> **Required action**
Everything in the listing below needs restating exactly, apart from the pictures.

> **Listed entries**
-------
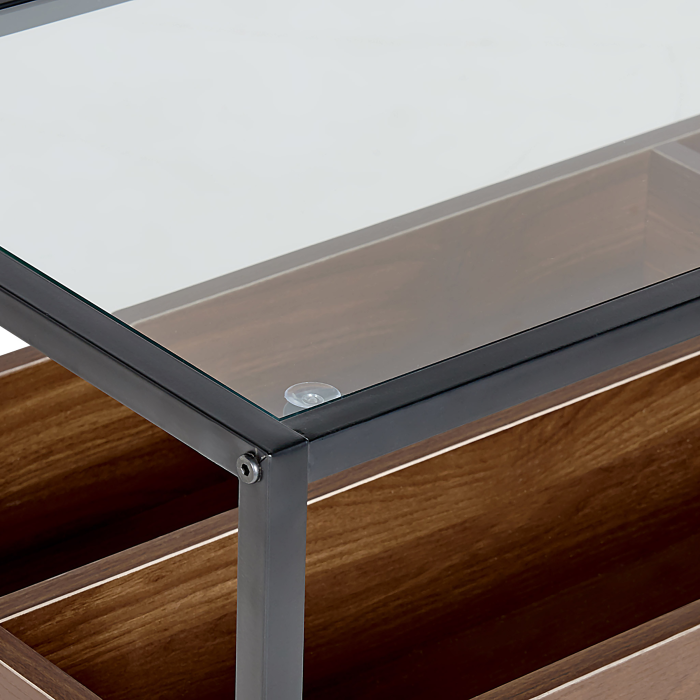 Console table WACO Tempered glass Black [5]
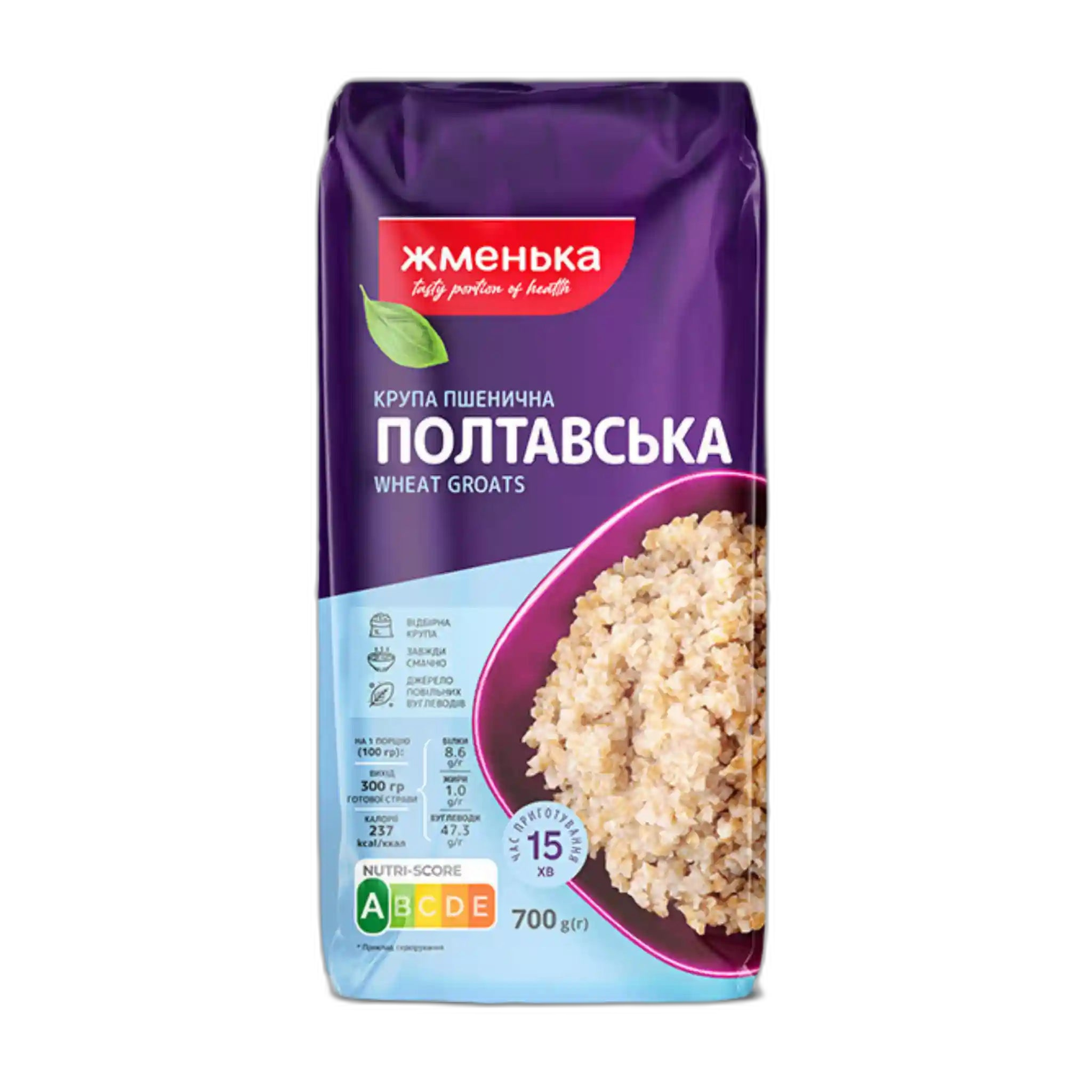 TM Zhmenka Pšeničné krupice "Poltavska", 0,7 kg/14ks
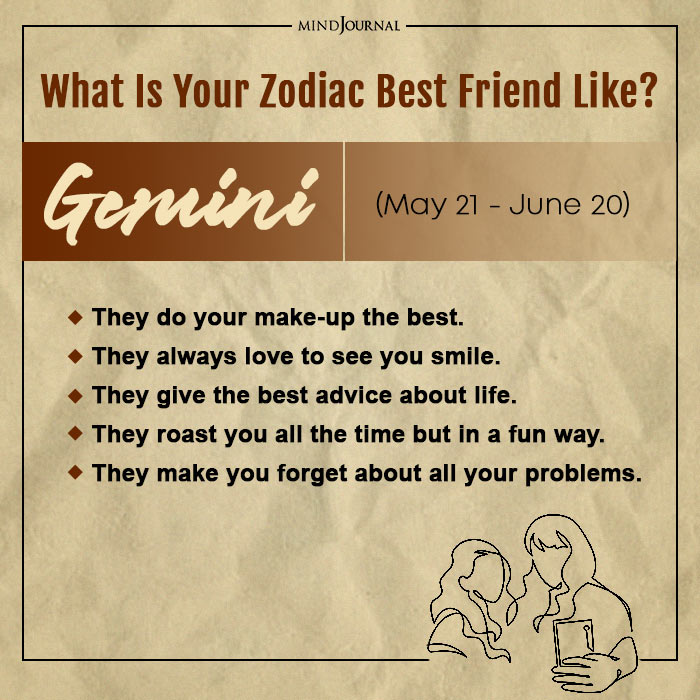 Your Zodiac Best friend Like Gemini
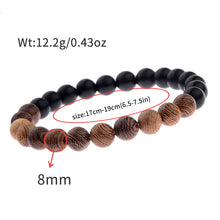 Cargar imagen en el visor de la galería, Yoga Surf - Brazalete de madera natural

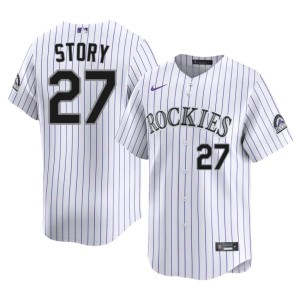 COL Rox White Mens Trevor Story Popular #27 Jersey 567754-352
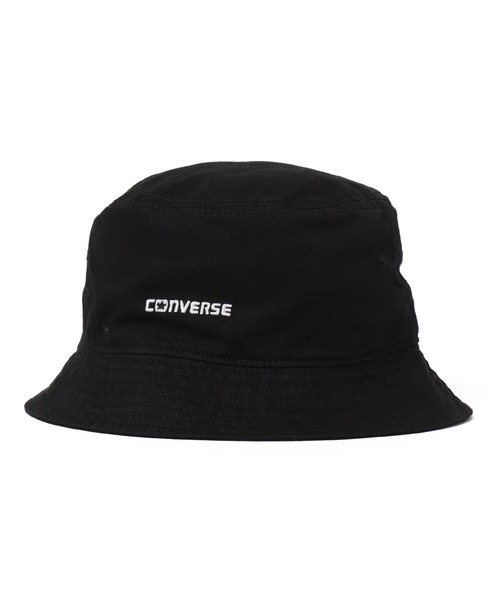 CONVERSE（コンバース）の「∴WEGO/CONVERSE TWILL NEW LOGO BUCKETHAT（ハット・レディース・ブラック/ベージュ/ホワイト・FREE）」の7枚目の写真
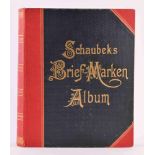 Schaubek Goldschnitt-AlbumGoldschnitt-Album für Marken und Ganzsachenausschnitte mit über 1400 GSA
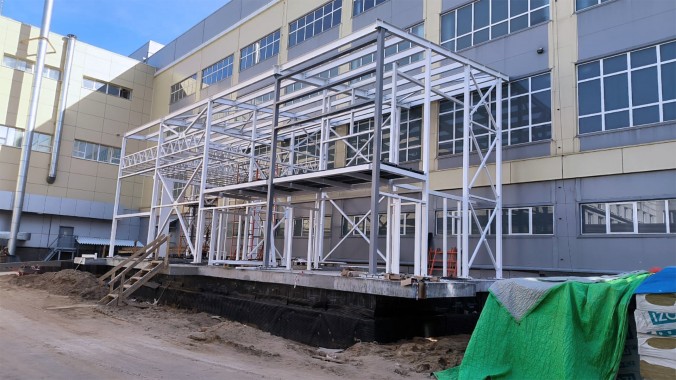 Уличная двухсекционная окрасочно-сушильная камера SPK GROUP, г. Н. Новгород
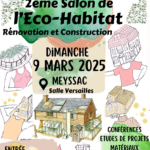 2ème salon de l'éco-habitat à Meyssac en Corrèze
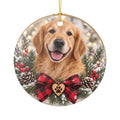 Golden Retriever Christmas Ceramic Ornament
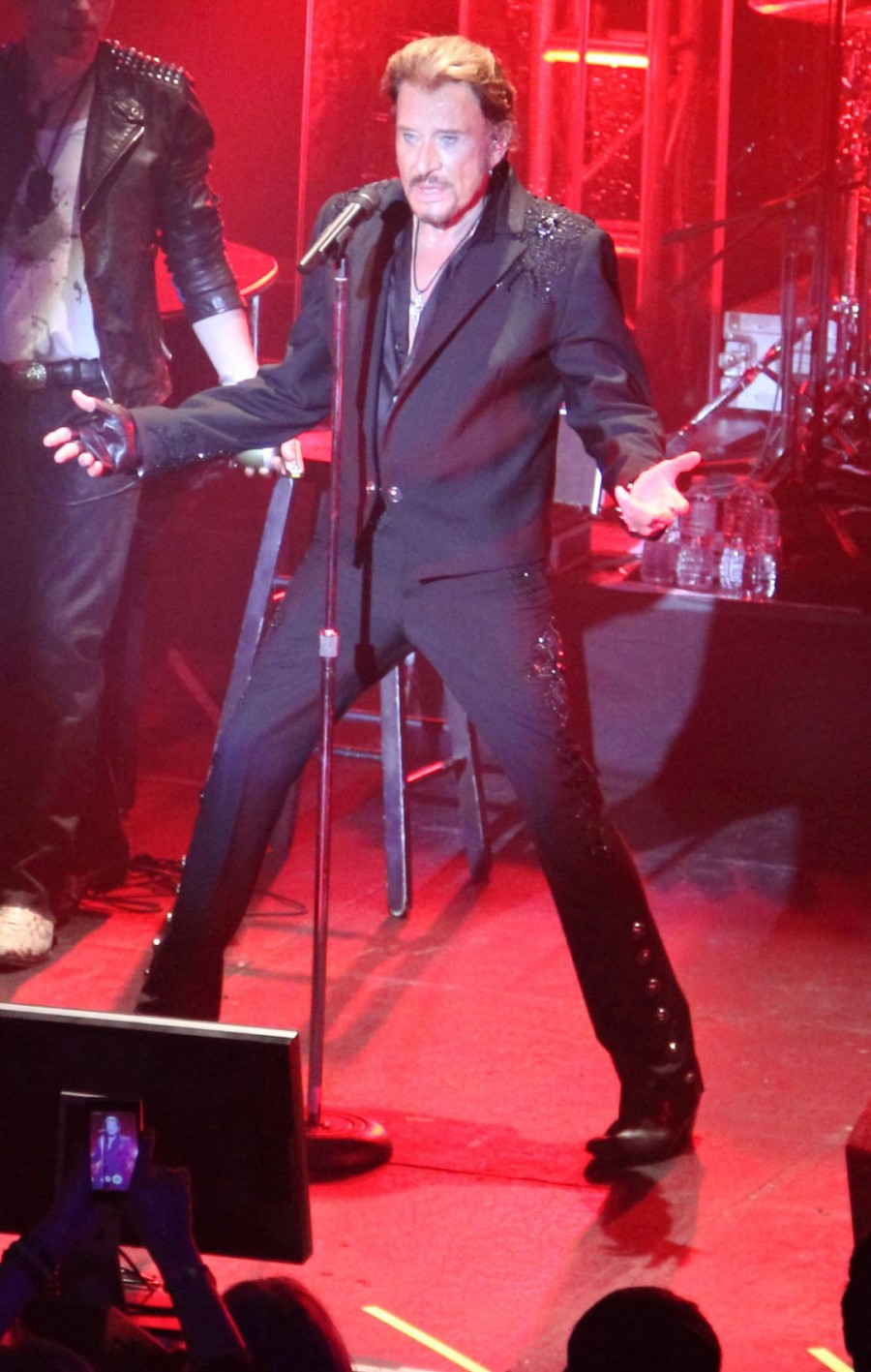 Johnny Hallyday concert review by Michele Elyzabeth - LATFUSA 'fonda'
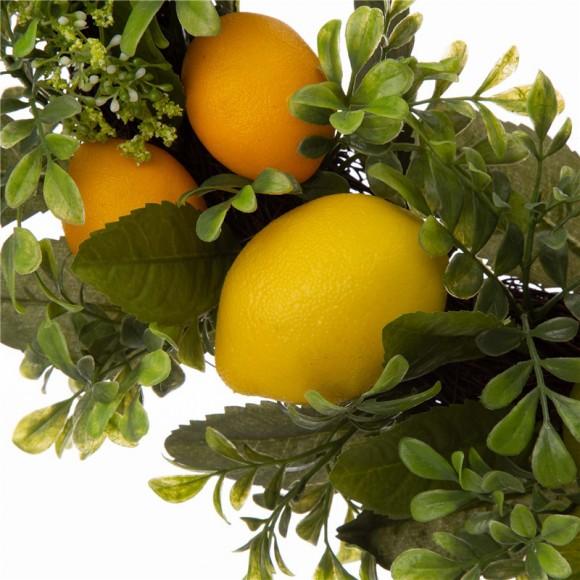 Glitzhome Glitzhome 22"D Artificial Greenery Lemon Wreath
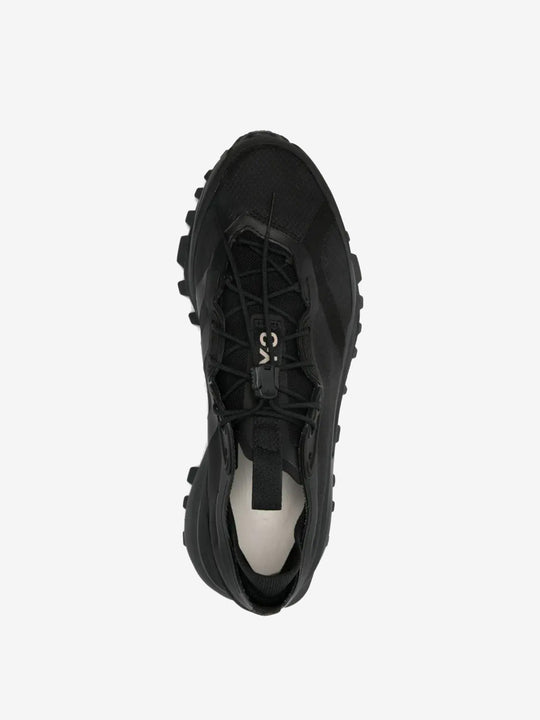 Black shoes, top view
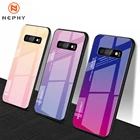 С уровнем твердости 9H из закаленного стекла чехол для Samsung Галактики A6 A7 A8 J6 J8 2018 M10 M20 M30 M40 A10 A20 A30 A40 A50 A51 A60 A71 мобильный телефон чехол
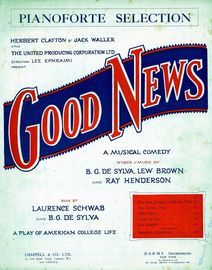 "Good News"  - A Musical Comedy Piano Selection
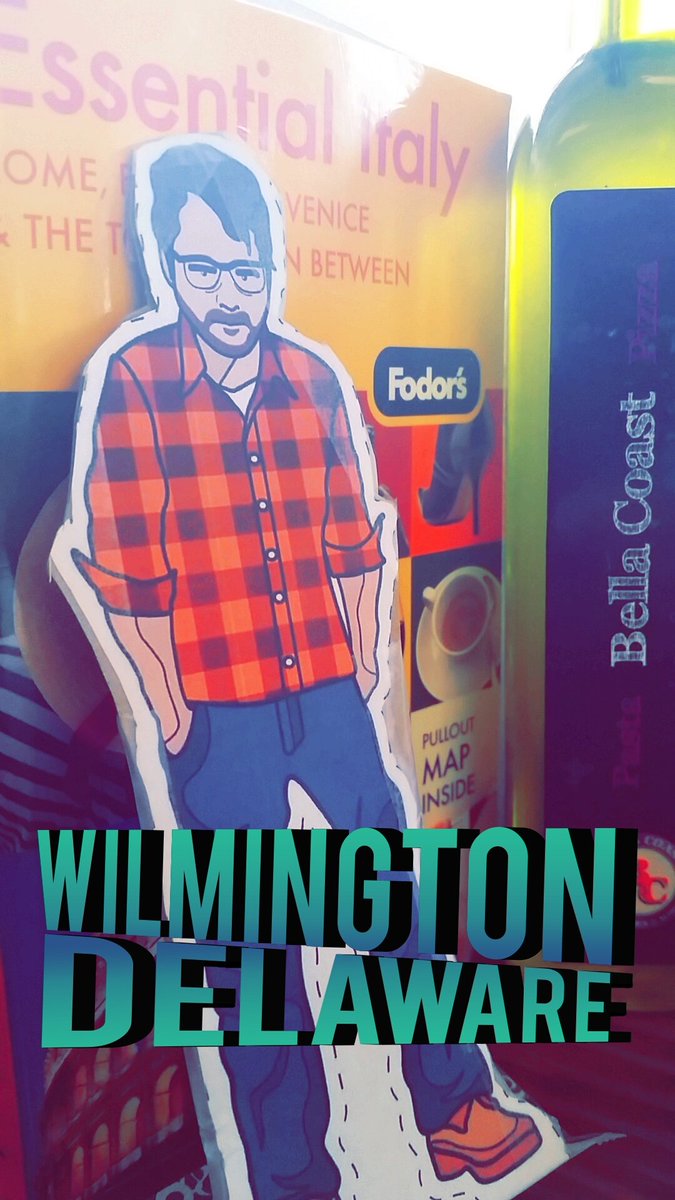 MrNix26's tweet photo. #HiddenAmerica and #Munchies led us to Food in Wilmington DE & Record Shopping. @jonahray. #FirstState #FlatJonah https://t.co/6ab3s9oQbW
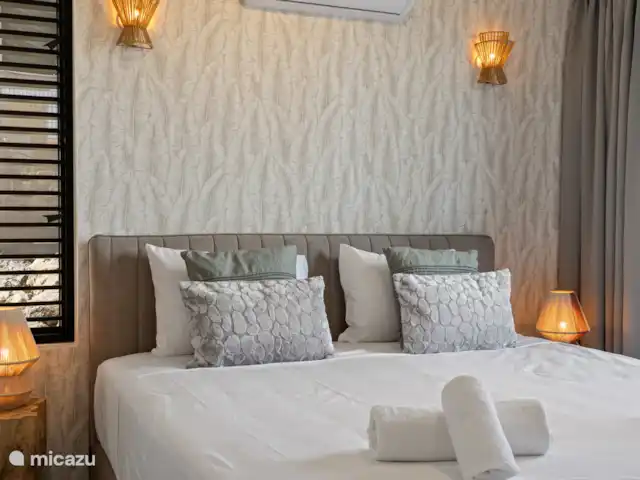 Villa Jazmyn 31 Blue Bay Resort | Curaçao, Curaçao-Centre, Blue Bay - villa Chambre principale - De beaux lits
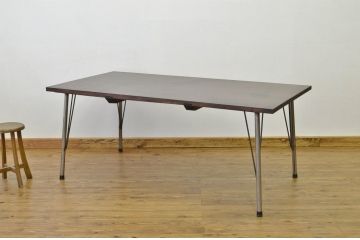 アンティーク家具　アンティーク 鉄脚の特大作業台(テーブル・アイアン)
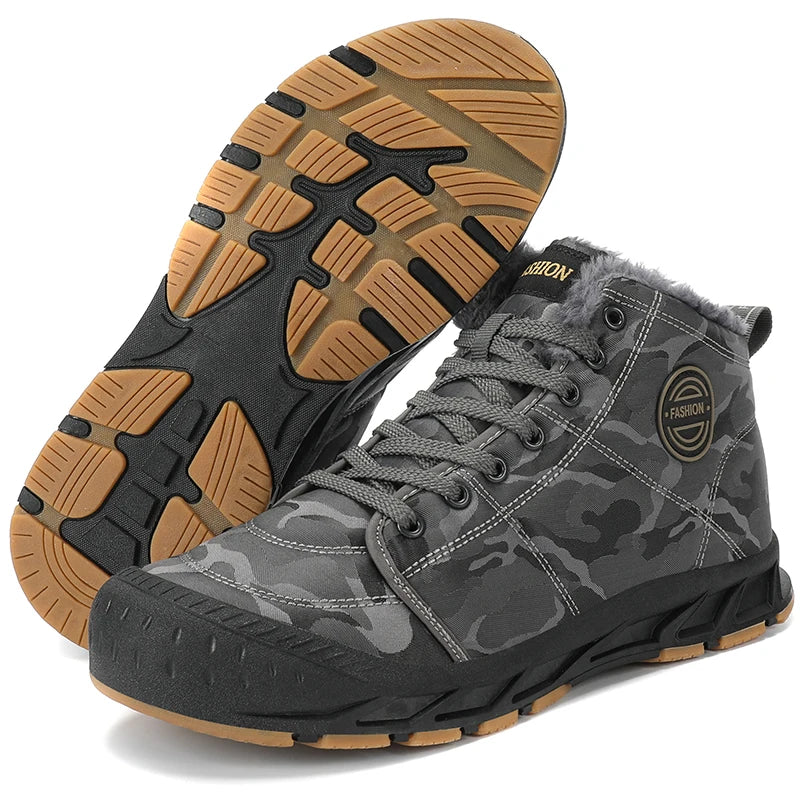 Men's LETCOMFIT High-Top Winter Snow Boots - Camouflage"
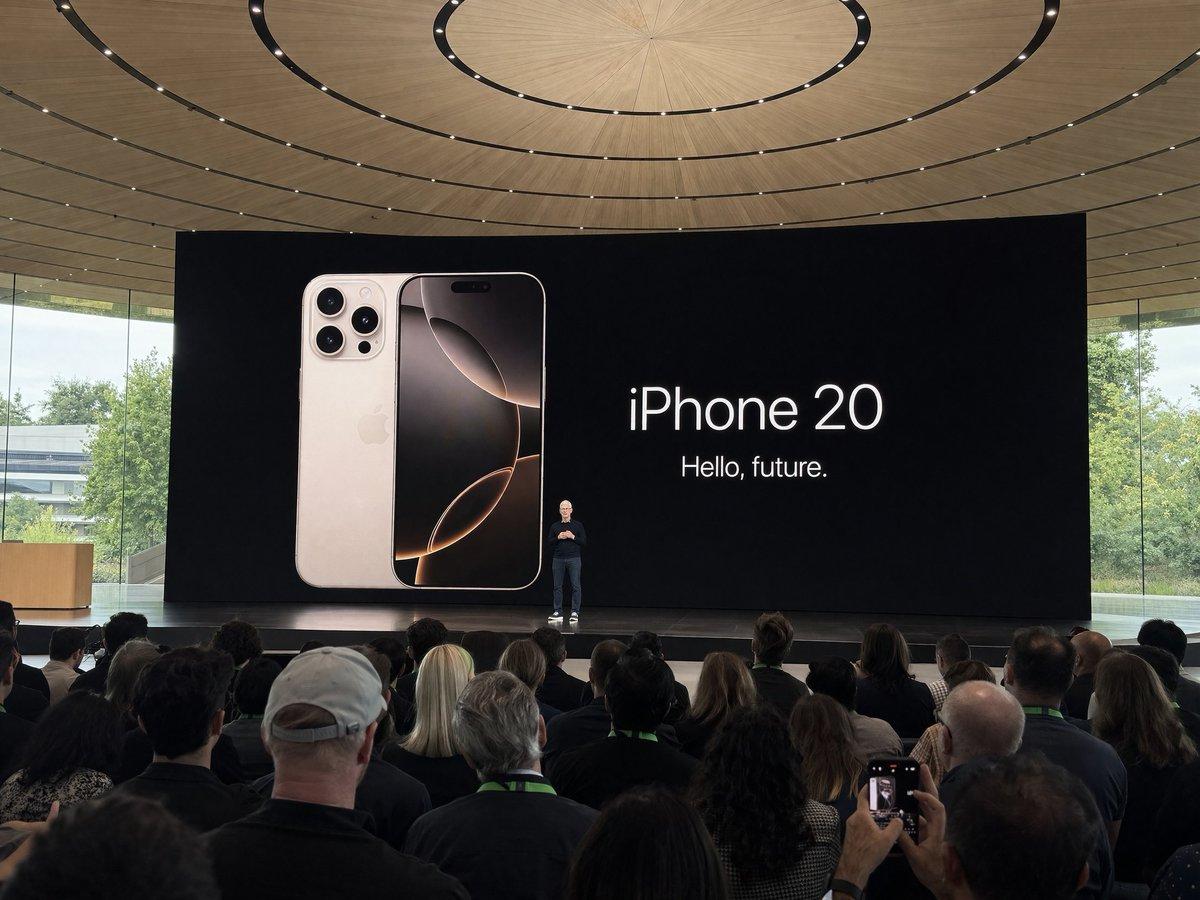 Apple Park Keynote Photo Prompt - AI image template preview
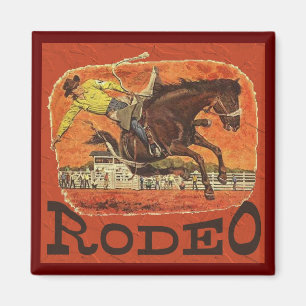 Rodeo-Cowboy Magnet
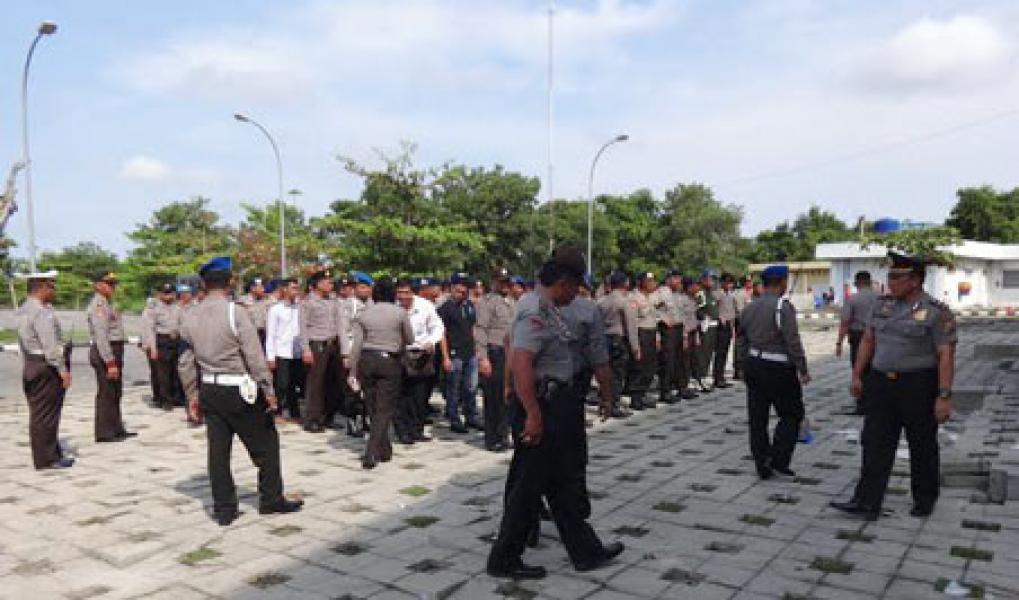 Polresta Pekanbaru Siagakan Ratusan Personil Amankan Jalannya Kongres HMI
-------
> **Worked solution**
 Console table WACO Tempered glass Black [5]
 TM Zhmenka Pšeničné krupice "Poltavska", 0,7 kg/14ks
 Your Zodiac Best friend Like Gemini
 Cargar imagen en el visor de la galería, Yoga Surf - Brazalete de madera natural

 COL Rox White Mens Trevor Story Popular #27 Jersey 567754-352
 CONVERSE（コンバース）の「∴WEGO/CONVERSE TWILL NEW LOGO BUCKETHAT（ハット・レディース・ブラック/ベージュ/ホワイト・FREE）」の7枚目の写真
 Schaubek Goldschnitt-AlbumGoldschnitt-Album für Marken und Ganzsachenausschnitte mit über 1400 GSA
 Уличная двухсекционная окрасочно-сушильная камера SPK GROUP, г. Н. Новгород
 2ème salon de l'éco-habitat à Meyssac en Corrèze
 Golden Retriever Christmas Ceramic Ornament
 Johnny Hallyday concert review by Michele Elyzabeth - LATFUSA 'fonda'
 Glitzhome Glitzhome 22"D Artificial Greenery Lemon Wreath
 Black shoes, top view
 С уровнем твердости 9H из закаленного стекла чехол для Samsung Галактики A6 A7 A8 J6 J8 2018 M10 M20 M30 M40 A10 A20 A30 A40 A50 A51 A60 A71 мобильный телефон чехол
 "Good News"  - A Musical Comedy Piano Selection
 MrNix26's tweet photo. #HiddenAmerica and #Munchies led us to Food in Wilmington DE & Record Shopping. @jonahray. #FirstState #FlatJonah https://t.co/6ab3s9oQbW
 Villa Jazmyn 31 Blue Bay Resort | Curaçao, Curaçao-Centre, Blue Bay - villa Chambre principale - De beaux lits
 アンティーク家具　アンティーク 鉄脚の特大作業台(テーブル・アイアン)
 Men's LETCOMFIT High-Top Winter Snow Boots - Camouflage"
 Apple Park Keynote Photo Prompt - AI image template preview
 Rodeo-Cowboy Magnet
 Polresta Pekanbaru Siagakan Ratusan Personil Amankan Jalannya Kongres HMI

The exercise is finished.